-------- Dataset excerpts

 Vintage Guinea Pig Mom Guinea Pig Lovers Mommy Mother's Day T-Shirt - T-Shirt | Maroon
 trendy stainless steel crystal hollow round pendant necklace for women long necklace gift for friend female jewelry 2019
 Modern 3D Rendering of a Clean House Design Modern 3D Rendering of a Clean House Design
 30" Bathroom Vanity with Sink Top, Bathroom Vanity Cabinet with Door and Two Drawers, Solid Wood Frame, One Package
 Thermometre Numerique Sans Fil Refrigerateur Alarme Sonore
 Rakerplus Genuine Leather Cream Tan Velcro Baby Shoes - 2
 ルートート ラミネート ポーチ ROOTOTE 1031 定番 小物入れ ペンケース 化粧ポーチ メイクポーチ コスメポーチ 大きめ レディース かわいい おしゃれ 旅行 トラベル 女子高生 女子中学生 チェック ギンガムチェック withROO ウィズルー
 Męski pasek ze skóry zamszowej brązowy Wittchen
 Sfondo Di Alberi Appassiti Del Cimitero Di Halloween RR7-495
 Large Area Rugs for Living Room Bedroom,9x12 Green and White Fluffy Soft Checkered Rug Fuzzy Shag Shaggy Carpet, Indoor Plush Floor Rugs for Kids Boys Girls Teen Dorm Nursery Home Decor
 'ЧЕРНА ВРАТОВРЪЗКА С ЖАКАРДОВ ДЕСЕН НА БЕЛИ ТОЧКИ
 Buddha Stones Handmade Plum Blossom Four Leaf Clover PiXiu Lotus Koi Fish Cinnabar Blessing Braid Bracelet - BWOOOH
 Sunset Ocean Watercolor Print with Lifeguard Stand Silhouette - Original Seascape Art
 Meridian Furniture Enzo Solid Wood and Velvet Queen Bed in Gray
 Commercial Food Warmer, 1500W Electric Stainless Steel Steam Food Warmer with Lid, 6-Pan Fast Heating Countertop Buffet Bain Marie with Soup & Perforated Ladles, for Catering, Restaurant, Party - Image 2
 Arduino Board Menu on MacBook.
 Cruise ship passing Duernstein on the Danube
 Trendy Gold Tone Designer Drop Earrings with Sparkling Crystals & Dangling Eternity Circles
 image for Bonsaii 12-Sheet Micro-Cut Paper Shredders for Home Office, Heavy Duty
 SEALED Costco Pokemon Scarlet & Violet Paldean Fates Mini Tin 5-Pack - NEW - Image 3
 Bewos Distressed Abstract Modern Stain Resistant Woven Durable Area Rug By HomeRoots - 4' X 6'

----------------

(Assignment):
In the entries above, copy the lines from the one that contains "Buddha Stones Handmade" through the last line, exactly as they appear.

(Solution to the exercise):
 Buddha Stones Handmade Plum Blossom Four Leaf Clover PiXiu Lotus Koi Fish Cinnabar Blessing Braid Bracelet - BWOOOH
 Sunset Ocean Watercolor Print with Lifeguard Stand Silhouette - Original Seascape Art
 Meridian Furniture Enzo Solid Wood and Velvet Queen Bed in Gray
 Commercial Food Warmer, 1500W Electric Stainless Steel Steam Food Warmer with Lid, 6-Pan Fast Heating Countertop Buffet Bain Marie with Soup & Perforated Ladles, for Catering, Restaurant, Party - Image 2
 Arduino Board Menu on MacBook.
 Cruise ship passing Duernstein on the Danube
 Trendy Gold Tone Designer Drop Earrings with Sparkling Crystals & Dangling Eternity Circles
 image for Bonsaii 12-Sheet Micro-Cut Paper Shredders for Home Office, Heavy Duty
 SEALED Costco Pokemon Scarlet & Violet Paldean Fates Mini Tin 5-Pack - NEW - Image 3
 Bewos Distressed Abstract Modern Stain Resistant Woven Durable Area Rug By HomeRoots - 4' X 6'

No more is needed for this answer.